### DATA FOR THE TASK ###
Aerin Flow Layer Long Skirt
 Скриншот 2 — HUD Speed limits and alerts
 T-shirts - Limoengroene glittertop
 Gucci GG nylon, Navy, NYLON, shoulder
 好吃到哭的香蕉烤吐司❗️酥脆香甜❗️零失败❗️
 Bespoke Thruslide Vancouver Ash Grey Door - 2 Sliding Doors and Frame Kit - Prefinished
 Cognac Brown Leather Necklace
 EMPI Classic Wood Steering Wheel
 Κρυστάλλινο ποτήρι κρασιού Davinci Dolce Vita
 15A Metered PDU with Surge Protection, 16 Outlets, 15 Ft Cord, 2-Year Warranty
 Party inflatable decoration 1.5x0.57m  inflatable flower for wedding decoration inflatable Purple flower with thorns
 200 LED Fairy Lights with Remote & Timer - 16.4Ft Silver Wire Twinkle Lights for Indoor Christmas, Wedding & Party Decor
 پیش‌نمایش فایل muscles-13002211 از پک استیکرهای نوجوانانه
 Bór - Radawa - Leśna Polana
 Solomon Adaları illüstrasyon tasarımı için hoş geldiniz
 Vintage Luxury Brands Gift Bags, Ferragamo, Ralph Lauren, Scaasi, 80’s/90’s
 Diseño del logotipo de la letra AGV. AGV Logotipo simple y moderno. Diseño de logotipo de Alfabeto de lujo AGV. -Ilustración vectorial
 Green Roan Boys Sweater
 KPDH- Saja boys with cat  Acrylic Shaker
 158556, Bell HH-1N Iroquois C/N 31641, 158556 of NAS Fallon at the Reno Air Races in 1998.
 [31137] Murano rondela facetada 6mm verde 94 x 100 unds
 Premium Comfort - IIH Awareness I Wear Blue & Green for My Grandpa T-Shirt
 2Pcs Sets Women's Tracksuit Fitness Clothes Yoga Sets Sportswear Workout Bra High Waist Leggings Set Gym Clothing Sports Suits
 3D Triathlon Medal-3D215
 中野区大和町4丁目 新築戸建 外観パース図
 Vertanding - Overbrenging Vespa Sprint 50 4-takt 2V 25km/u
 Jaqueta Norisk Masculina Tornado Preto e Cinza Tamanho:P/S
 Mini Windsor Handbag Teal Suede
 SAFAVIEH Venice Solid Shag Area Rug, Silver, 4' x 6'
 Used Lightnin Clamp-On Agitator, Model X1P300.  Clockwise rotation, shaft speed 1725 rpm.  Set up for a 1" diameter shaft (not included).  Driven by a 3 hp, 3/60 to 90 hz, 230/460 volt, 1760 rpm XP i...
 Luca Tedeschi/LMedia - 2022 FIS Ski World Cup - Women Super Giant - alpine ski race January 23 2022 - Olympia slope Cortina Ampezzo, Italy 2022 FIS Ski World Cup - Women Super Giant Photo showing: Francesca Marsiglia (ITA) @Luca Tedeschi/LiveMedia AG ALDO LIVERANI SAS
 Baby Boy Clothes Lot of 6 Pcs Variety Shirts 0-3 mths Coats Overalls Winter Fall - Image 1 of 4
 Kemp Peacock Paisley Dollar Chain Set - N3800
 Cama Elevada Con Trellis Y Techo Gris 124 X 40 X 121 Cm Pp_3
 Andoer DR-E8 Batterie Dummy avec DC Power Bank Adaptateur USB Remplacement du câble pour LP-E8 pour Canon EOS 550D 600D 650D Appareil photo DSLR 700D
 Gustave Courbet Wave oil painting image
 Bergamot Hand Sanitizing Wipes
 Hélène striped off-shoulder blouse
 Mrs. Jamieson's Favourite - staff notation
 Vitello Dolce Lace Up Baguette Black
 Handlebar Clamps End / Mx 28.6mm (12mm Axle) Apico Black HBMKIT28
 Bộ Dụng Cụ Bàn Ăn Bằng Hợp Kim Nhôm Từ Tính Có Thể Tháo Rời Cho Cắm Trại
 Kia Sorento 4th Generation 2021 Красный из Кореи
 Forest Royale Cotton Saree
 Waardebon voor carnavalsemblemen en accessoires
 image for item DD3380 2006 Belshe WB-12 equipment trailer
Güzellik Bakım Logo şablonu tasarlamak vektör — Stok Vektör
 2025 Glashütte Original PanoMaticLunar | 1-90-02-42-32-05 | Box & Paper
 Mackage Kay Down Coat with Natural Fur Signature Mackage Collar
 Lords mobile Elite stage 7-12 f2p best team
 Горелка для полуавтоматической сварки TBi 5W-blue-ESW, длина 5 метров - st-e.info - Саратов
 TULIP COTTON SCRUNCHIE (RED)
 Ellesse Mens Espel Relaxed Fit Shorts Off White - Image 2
###
#### [WHAT IS EXPECTED]
Copy the listing exactly as it stands.

#### [WRITTEN SOLUTION]
Aerin Flow Layer Long Skirt
 Скриншот 2 — HUD Speed limits and alerts
 T-shirts - Limoengroene glittertop
 Gucci GG nylon, Navy, NYLON, shoulder
 好吃到哭的香蕉烤吐司❗️酥脆香甜❗️零失败❗️
 Bespoke Thruslide Vancouver Ash Grey Door - 2 Sliding Doors and Frame Kit - Prefinished
 Cognac Brown Leather Necklace
 EMPI Classic Wood Steering Wheel
 Κρυστάλλινο ποτήρι κρασιού Davinci Dolce Vita
 15A Metered PDU with Surge Protection, 16 Outlets, 15 Ft Cord, 2-Year Warranty
 Party inflatable decoration 1.5x0.57m  inflatable flower for wedding decoration inflatable Purple flower with thorns
 200 LED Fairy Lights with Remote & Timer - 16.4Ft Silver Wire Twinkle Lights for Indoor Christmas, Wedding & Party Decor
 پیش‌نمایش فایل muscles-13002211 از پک استیکرهای نوجوانانه
 Bór - Radawa - Leśna Polana
 Solomon Adaları illüstrasyon tasarımı için hoş geldiniz
 Vintage Luxury Brands Gift Bags, Ferragamo, Ralph Lauren, Scaasi, 80’s/90’s
 Diseño del logotipo de la letra AGV. AGV Logotipo simple y moderno. Diseño de logotipo de Alfabeto de lujo AGV. -Ilustración vectorial
 Green Roan Boys Sweater
 KPDH- Saja boys with cat  Acrylic Shaker
 158556, Bell HH-1N Iroquois C/N 31641, 158556 of NAS Fallon at the Reno Air Races in 1998.
 [31137] Murano rondela facetada 6mm verde 94 x 100 unds
 Premium Comfort - IIH Awareness I Wear Blue & Green for My Grandpa T-Shirt
 2Pcs Sets Women's Tracksuit Fitness Clothes Yoga Sets Sportswear Workout Bra High Waist Leggings Set Gym Clothing Sports Suits
 3D Triathlon Medal-3D215
 中野区大和町4丁目 新築戸建 外観パース図
 Vertanding - Overbrenging Vespa Sprint 50 4-takt 2V 25km/u
 Jaqueta Norisk Masculina Tornado Preto e Cinza Tamanho:P/S
 Mini Windsor Handbag Teal Suede
 SAFAVIEH Venice Solid Shag Area Rug, Silver, 4' x 6'
 Used Lightnin Clamp-On Agitator, Model X1P300.  Clockwise rotation, shaft speed 1725 rpm.  Set up for a 1" diameter shaft (not included).  Driven by a 3 hp, 3/60 to 90 hz, 230/460 volt, 1760 rpm XP i...
 Luca Tedeschi/LMedia - 2022 FIS Ski World Cup - Women Super Giant - alpine ski race January 23 2022 - Olympia slope Cortina Ampezzo, Italy 2022 FIS Ski World Cup - Women Super Giant Photo showing: Francesca Marsiglia (ITA) @Luca Tedeschi/LiveMedia AG ALDO LIVERANI SAS
 Baby Boy Clothes Lot of 6 Pcs Variety Shirts 0-3 mths Coats Overalls Winter Fall - Image 1 of 4
 Kemp Peacock Paisley Dollar Chain Set - N3800
 Cama Elevada Con Trellis Y Techo Gris 124 X 40 X 121 Cm Pp_3
 Andoer DR-E8 Batterie Dummy avec DC Power Bank Adaptateur USB Remplacement du câble pour LP-E8 pour Canon EOS 550D 600D 650D Appareil photo DSLR 700D
 Gustave Courbet Wave oil painting image
 Bergamot Hand Sanitizing Wipes
 Hélène striped off-shoulder blouse
 Mrs. Jamieson's Favourite - staff notation
 Vitello Dolce Lace Up Baguette Black
 Handlebar Clamps End / Mx 28.6mm (12mm Axle) Apico Black HBMKIT28
 Bộ Dụng Cụ Bàn Ăn Bằng Hợp Kim Nhôm Từ Tính Có Thể Tháo Rời Cho Cắm Trại
 Kia Sorento 4th Generation 2021 Красный из Кореи
 Forest Royale Cotton Saree
 Waardebon voor carnavalsemblemen en accessoires
 image for item DD3380 2006 Belshe WB-12 equipment trailer
Güzellik Bakım Logo şablonu tasarlamak vektör — Stok Vektör
 2025 Glashütte Original PanoMaticLunar | 1-90-02-42-32-05 | Box & Paper
 Mackage Kay Down Coat with Natural Fur Signature Mackage Collar
 Lords mobile Elite stage 7-12 f2p best team
 Горелка для полуавтоматической сварки TBi 5W-blue-ESW, длина 5 метров - st-e.info - Саратов
 TULIP COTTON SCRUNCHIE (RED)
 Ellesse Mens Espel Relaxed Fit Shorts Off White - Image 2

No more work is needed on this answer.